The construction of data doubles in education is especially consequential since anything that is modelled inside the database then affects the potentially life-changing experience of teaching and learning. A prediction of future progress based on past outcomes could radically affect the future prospects of the student by foreclosing curriculum opportunities. Forms of algorithmic education, in other words, deeply affect data subjects. In their paper, Harrison et al. (2020) draw attention to how datafication both affects teaching and learning and shapes subjectivities. They refer to a ‘student data subjects’ which are assembled from digital traces of educational activity. Teachers, too, are increasingly known, evaluated and judged through data, and come to know themselves as datafied teacher subjects. 
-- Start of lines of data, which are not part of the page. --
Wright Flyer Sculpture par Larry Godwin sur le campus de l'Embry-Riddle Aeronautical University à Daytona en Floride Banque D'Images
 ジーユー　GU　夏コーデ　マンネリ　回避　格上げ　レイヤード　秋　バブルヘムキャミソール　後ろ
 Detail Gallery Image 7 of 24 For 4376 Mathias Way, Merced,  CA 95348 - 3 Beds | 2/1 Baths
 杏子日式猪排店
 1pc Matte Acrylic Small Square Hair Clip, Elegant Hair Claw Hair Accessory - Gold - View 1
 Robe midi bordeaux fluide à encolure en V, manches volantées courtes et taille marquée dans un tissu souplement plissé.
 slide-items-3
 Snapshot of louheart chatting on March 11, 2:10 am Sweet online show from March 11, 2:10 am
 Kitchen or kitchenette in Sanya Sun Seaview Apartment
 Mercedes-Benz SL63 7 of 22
This datafication of student and teacher subjects prefigures a potentially profound transformation in how students and teachers understand themselves and in how they are understood and managed as learners and professionals. As Marachi and Quill (2020) emphasize in this issue, where ‘frictionless’ data transitions are enabled between primary, secondary and tertiary education and even the employment contexts of individuals, the data subject risks becoming a lifelong ‘shadow’ with potential impact which may be far from benign. Marachi and Quill call for greater awareness, routine interrogation of data-sharing practices and critical distance between higher education institutions and ‘edtech’ platform partners promising ‘enhancement’ through data processing, the constitution of data subjects and the promises of ‘personalization’. Such changes may also demand that educators and students develop critical skills of using and evaluating data.